猫の標準体重は?痩せすぎ、太りすぎの目安や肥満の防ぎ方について
猫の標準体重は?痩せすぎ、太りすぎの目安や肥満の防ぎ方について|川西市のミネルバ動物病院【犬猫専門】整形外科、手術
2025/12/26飼い方・しつけ
猫の標準体重は?痩せすぎ、太りすぎの目安や肥満の防ぎ方について
「うちの子もしかして肥満?」
愛猫が可愛くて、ついついご飯やおやつをたくさんあげ過ぎていませんか?
「うちの子、丸っこくて可愛い」
と思っている飼い主さん、もしかして愛猫は肥満かもしれません。
肥満にはリスクがつきものです。
愛猫を病気から守るためにも、猫の標準体重を知って、肥満のリスクを減らしましょう。
猫の年齢別平均体重の目安について
品種や個体差によっても多少異なりますが、標準的なサイズの猫ちゃんの体重は次のとおりです。
あなたの愛猫は、大丈夫ですか?
| 生後0週 | 約100g |
|---|---|
| 生後1週 | 約150〜200g |
| 生後1ヶ月 | 約400〜500g |
| 生後3ヶ月 | 約1.0〜1.5kg |
| 生後12ヶ月 | 約3.0〜5.0kg |
猫の1歳は、人間に置き換えると20歳ぐらいです。
ここからは成長が止まります。
1歳のときの体重が猫の適性体重であると考えて良いでしょう。
猫の痩せ過ぎ、太り過ぎの目安とは?
果たして愛猫の体重は、標準なのかどうかについては、よく分からないという飼い主さんも多いのではないでしょうか?
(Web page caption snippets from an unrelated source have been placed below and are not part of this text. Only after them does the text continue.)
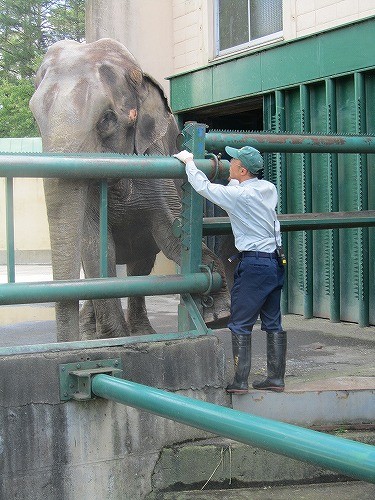 帯広　インドゾウ　ナナ　　えらい・賢い！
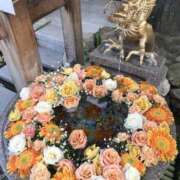 ヒメ日記 2026/04/01 11:41 投稿 ひろせ 熟女の風俗最終章 宇都宮店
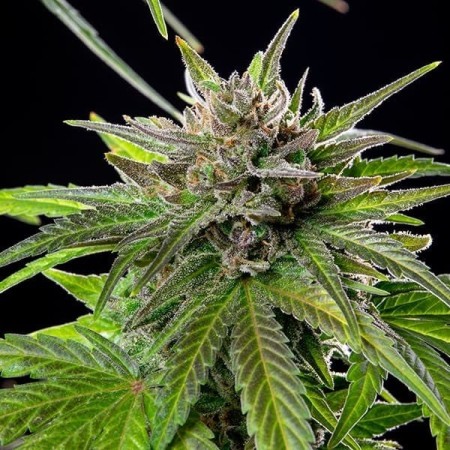 Blue Cheese - Royal Queen Seeds | Feminized Cannabis Seeds Blue Cheese - Royal Queen Seeds | Feminized Cannabis Seeds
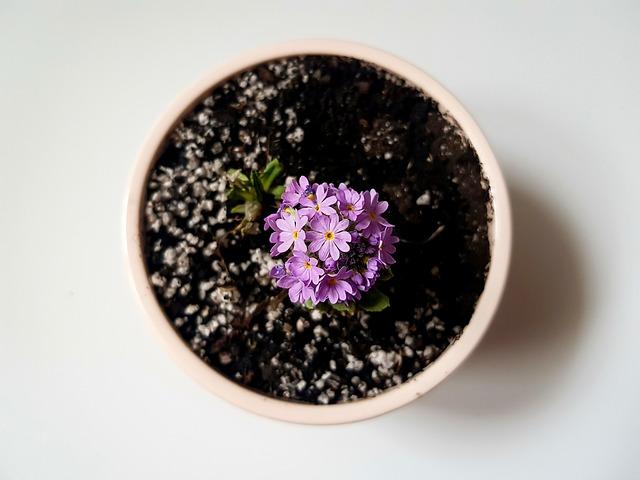 Roślina doniczkowa w ozdobnej donicy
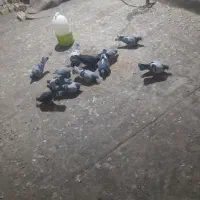 کبوتر المانی زاتدار موریس و جانسون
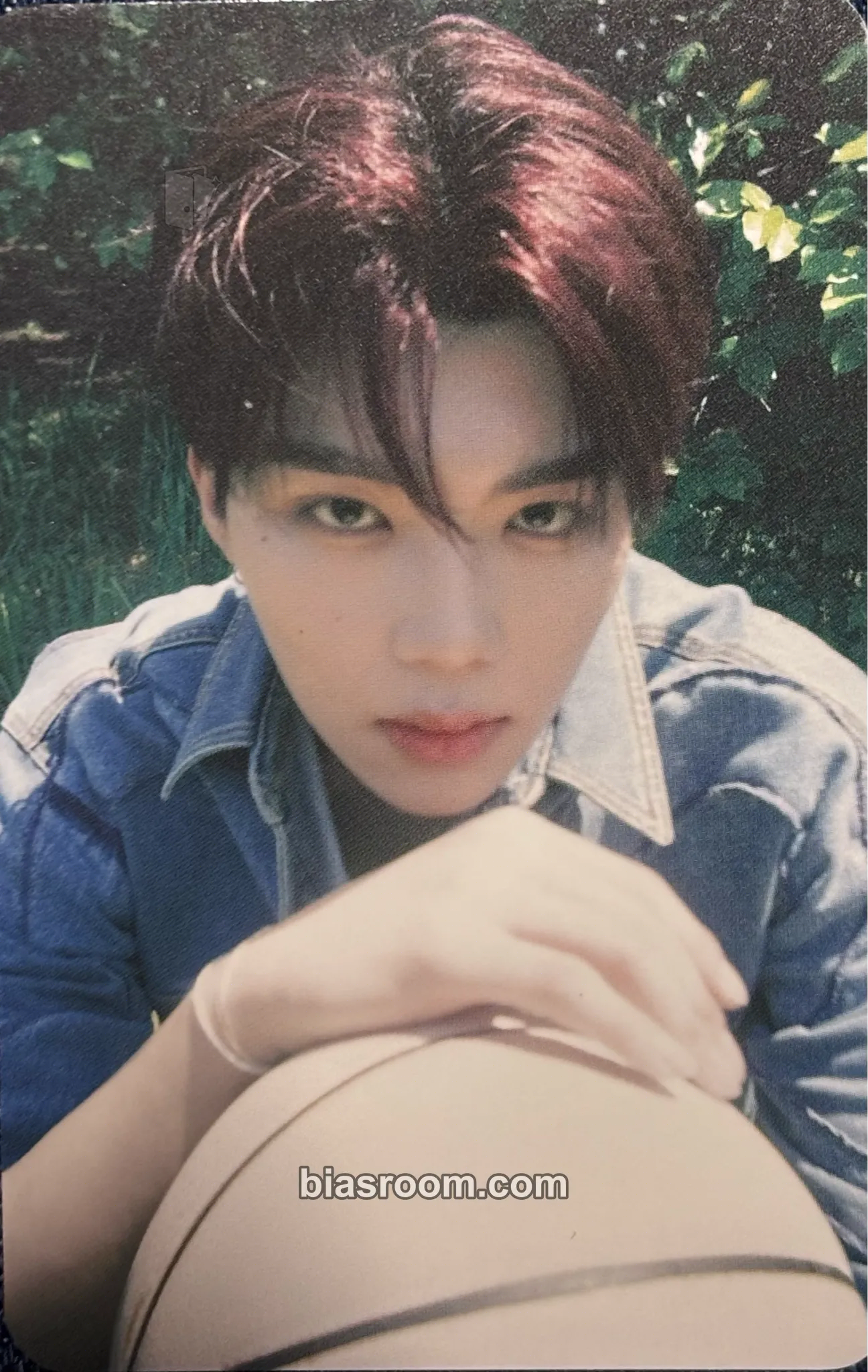 Gunwook Never Say Never Photocard - ZEROBASEONE - ZEROBASEONE K-pop photocard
そこで分かりやすく、私たち人間に例えてご説明しましょう。
例えば、5kgの体重の猫が200g増えたとします。
これを私たち人間に例えたら、50kgの人が2kg増えるということです。
かなり増えた印象がありますよね。
ボディ・コンディション・スコア(BCS)
猫にも個体差がありますので、体重だけを見て肥満の有無を判断することはできませんが、
適性体系かどうかを判断する指標となるものがあります。
ボディ・コンディション・スコア(BCS)です。
BCSは、肋骨、腰部、腹部の状態をもとに、5つの段階に分けて、外見・触った時の感覚で判断するというものです。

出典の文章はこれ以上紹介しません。